In the listing below, a line holding "Kichler 9234BA Outdoor" and a line holding "Imagem de Violão" mark the range. Retype both exactly, with all lines between them.

Dataset records ->
++++

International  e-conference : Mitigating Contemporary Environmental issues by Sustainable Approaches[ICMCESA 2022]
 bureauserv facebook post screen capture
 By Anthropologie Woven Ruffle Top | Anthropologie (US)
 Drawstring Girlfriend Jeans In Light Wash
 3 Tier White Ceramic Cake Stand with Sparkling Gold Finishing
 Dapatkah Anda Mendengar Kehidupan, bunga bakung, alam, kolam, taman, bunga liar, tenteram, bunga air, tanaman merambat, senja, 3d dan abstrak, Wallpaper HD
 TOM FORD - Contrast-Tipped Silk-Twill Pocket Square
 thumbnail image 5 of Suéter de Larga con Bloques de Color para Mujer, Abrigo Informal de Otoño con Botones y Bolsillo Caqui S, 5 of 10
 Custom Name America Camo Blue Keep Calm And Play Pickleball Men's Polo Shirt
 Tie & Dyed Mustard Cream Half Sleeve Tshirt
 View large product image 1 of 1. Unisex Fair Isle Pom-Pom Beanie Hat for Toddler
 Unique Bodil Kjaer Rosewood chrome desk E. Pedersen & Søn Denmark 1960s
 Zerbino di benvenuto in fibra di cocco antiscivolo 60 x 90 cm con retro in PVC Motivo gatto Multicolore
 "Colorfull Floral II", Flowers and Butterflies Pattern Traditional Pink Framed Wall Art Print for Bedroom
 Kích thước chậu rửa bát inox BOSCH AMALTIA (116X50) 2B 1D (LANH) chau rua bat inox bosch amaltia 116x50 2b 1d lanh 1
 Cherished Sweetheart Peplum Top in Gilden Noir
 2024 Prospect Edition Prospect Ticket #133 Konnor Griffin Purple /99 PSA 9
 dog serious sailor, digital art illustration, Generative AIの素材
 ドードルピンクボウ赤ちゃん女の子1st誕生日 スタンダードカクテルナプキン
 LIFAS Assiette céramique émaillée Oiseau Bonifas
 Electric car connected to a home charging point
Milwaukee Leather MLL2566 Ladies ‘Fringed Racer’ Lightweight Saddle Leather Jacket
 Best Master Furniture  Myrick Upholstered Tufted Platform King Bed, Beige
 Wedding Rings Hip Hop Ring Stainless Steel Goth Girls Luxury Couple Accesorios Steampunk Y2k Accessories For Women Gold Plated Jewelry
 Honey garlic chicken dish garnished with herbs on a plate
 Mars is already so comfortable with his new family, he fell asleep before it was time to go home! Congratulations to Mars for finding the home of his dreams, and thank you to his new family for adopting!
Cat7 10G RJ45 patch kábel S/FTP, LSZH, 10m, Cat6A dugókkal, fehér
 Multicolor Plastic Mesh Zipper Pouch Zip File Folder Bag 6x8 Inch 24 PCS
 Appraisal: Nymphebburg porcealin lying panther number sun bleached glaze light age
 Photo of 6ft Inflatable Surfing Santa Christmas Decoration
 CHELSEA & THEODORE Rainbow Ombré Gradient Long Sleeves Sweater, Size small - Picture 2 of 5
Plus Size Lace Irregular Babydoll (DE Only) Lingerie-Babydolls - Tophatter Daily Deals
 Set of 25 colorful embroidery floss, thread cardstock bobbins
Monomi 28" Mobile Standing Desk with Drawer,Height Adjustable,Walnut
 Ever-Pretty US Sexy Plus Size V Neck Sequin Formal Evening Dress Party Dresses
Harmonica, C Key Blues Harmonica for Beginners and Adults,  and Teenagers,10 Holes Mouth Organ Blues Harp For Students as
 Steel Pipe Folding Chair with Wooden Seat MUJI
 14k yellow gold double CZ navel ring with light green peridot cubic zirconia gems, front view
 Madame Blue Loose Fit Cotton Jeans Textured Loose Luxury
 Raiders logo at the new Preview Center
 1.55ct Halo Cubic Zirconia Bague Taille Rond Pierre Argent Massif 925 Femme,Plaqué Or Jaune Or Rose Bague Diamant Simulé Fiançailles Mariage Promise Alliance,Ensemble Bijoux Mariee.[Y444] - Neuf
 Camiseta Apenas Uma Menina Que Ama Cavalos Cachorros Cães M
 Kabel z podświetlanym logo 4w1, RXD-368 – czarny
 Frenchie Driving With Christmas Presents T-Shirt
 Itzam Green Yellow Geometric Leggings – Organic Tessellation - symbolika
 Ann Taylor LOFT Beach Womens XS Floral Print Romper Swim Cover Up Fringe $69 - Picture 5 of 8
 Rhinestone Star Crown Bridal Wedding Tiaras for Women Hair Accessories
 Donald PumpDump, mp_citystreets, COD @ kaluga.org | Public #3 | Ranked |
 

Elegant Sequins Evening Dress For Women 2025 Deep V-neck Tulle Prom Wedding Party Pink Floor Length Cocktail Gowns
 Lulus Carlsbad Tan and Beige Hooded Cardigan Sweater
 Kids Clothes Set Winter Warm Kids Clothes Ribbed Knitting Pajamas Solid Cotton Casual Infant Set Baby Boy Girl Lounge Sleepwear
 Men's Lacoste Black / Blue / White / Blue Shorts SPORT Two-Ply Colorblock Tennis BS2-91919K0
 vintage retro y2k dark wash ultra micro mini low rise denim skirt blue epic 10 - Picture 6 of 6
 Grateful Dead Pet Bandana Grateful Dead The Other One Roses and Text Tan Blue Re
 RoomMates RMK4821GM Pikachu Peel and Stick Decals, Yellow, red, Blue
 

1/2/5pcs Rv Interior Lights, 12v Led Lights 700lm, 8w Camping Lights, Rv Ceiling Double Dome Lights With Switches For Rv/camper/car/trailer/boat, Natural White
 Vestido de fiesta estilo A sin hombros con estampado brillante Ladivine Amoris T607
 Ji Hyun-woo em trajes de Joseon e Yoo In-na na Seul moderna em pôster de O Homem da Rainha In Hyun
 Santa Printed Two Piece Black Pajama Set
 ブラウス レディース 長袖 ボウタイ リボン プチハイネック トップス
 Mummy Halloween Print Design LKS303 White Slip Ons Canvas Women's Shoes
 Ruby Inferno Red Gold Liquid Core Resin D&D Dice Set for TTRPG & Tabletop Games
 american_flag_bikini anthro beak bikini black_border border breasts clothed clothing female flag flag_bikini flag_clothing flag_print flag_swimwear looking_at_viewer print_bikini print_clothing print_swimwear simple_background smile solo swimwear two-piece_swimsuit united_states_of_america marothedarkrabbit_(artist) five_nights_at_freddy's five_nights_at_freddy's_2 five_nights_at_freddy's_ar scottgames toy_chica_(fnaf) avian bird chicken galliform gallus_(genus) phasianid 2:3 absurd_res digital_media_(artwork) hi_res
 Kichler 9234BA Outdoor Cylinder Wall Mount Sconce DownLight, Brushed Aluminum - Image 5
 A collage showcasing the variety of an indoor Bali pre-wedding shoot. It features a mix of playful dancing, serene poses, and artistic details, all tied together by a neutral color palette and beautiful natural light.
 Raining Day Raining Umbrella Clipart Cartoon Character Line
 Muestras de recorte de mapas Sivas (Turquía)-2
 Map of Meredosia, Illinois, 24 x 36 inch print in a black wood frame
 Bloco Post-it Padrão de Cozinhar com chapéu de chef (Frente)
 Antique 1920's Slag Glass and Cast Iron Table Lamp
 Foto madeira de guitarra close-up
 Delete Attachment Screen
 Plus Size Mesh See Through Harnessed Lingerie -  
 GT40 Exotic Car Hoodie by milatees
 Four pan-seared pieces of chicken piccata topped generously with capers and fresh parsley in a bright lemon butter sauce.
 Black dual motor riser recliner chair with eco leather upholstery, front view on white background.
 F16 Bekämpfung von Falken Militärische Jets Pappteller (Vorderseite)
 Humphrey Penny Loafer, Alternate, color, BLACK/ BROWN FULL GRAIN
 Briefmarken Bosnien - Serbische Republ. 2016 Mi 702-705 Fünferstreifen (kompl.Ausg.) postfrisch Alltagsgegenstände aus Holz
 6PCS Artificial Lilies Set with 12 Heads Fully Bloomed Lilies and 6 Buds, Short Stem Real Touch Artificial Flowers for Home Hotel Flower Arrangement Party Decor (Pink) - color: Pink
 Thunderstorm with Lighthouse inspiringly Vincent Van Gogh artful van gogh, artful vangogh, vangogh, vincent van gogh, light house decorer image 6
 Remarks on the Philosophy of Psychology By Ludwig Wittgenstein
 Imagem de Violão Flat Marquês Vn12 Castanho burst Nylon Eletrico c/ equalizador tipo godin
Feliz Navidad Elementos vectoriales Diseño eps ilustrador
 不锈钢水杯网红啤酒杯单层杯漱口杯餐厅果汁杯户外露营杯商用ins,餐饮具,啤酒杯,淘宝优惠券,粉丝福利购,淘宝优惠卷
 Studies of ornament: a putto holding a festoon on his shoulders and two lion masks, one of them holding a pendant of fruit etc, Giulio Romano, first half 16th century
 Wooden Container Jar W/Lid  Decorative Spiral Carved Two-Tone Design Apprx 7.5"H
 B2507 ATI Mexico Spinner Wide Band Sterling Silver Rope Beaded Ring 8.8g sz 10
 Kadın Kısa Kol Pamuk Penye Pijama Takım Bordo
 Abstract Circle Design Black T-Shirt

++++

Solution to the problem ->
 Kichler 9234BA Outdoor Cylinder Wall Mount Sconce DownLight, Brushed Aluminum - Image 5
 A collage showcasing the variety of an indoor Bali pre-wedding shoot. It features a mix of playful dancing, serene poses, and artistic details, all tied together by a neutral color palette and beautiful natural light.
 Raining Day Raining Umbrella Clipart Cartoon Character Line
 Muestras de recorte de mapas Sivas (Turquía)-2
 Map of Meredosia, Illinois, 24 x 36 inch print in a black wood frame
 Bloco Post-it Padrão de Cozinhar com chapéu de chef (Frente)
 Antique 1920's Slag Glass and Cast Iron Table Lamp
 Foto madeira de guitarra close-up
 Delete Attachment Screen
 Plus Size Mesh See Through Harnessed Lingerie -  
 GT40 Exotic Car Hoodie by milatees
 Four pan-seared pieces of chicken piccata topped generously with capers and fresh parsley in a bright lemon butter sauce.
 Black dual motor riser recliner chair with eco leather upholstery, front view on white background.
 F16 Bekämpfung von Falken Militärische Jets Pappteller (Vorderseite)
 Humphrey Penny Loafer, Alternate, color, BLACK/ BROWN FULL GRAIN
 Briefmarken Bosnien - Serbische Republ. 2016 Mi 702-705 Fünferstreifen (kompl.Ausg.) postfrisch Alltagsgegenstände aus Holz
 6PCS Artificial Lilies Set with 12 Heads Fully Bloomed Lilies and 6 Buds, Short Stem Real Touch Artificial Flowers for Home Hotel Flower Arrangement Party Decor (Pink) - color: Pink
 Thunderstorm with Lighthouse inspiringly Vincent Van Gogh artful van gogh, artful vangogh, vangogh, vincent van gogh, light house decorer image 6
 Remarks on the Philosophy of Psychology By Ludwig Wittgenstein
 Imagem de Violão Flat Marquês Vn12 Castanho burst Nylon Eletrico c/ equalizador tipo godin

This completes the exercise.